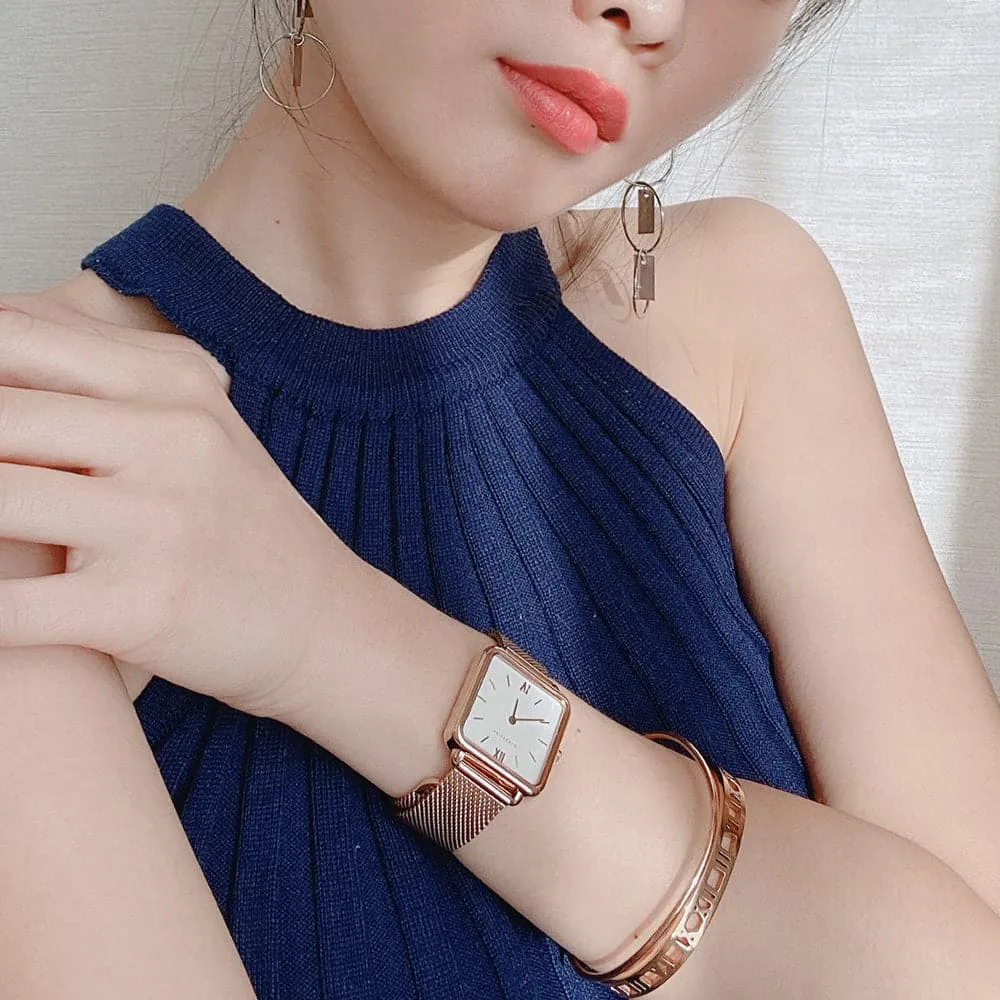 Jewelry Aries Watches ARIES GOLD MINUIT GOLD L 5038 RG-W WOMEN WATCH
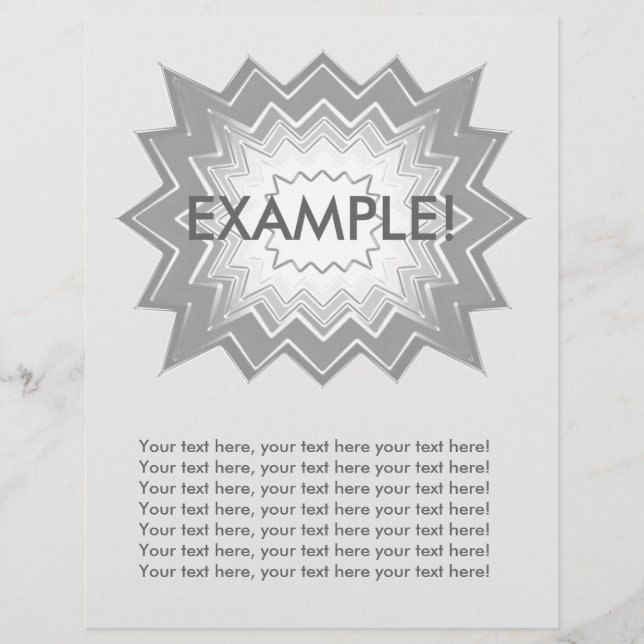 Flyer Template: Attention Getter: Grey Explosion! (Front)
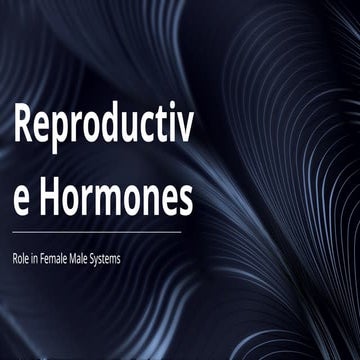 Reproductive Hormones.pptx, Science 10 Week 3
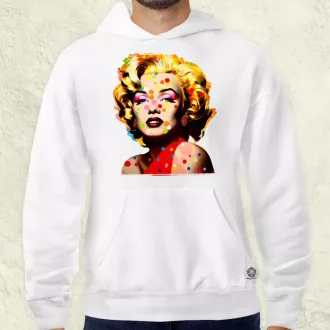 Pop art Marilyn Monroe v1 férfi pulóver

+++

Skip all pictures. Write out only the lines from the one containing "Reproductive Hormones.pptx, Science" to the end of the listing above, inclusive, exactly as given.

Expected output
 Reproductive Hormones.pptx, Science 10 Week 3
 Pop art Marilyn Monroe v1 férfi pulóver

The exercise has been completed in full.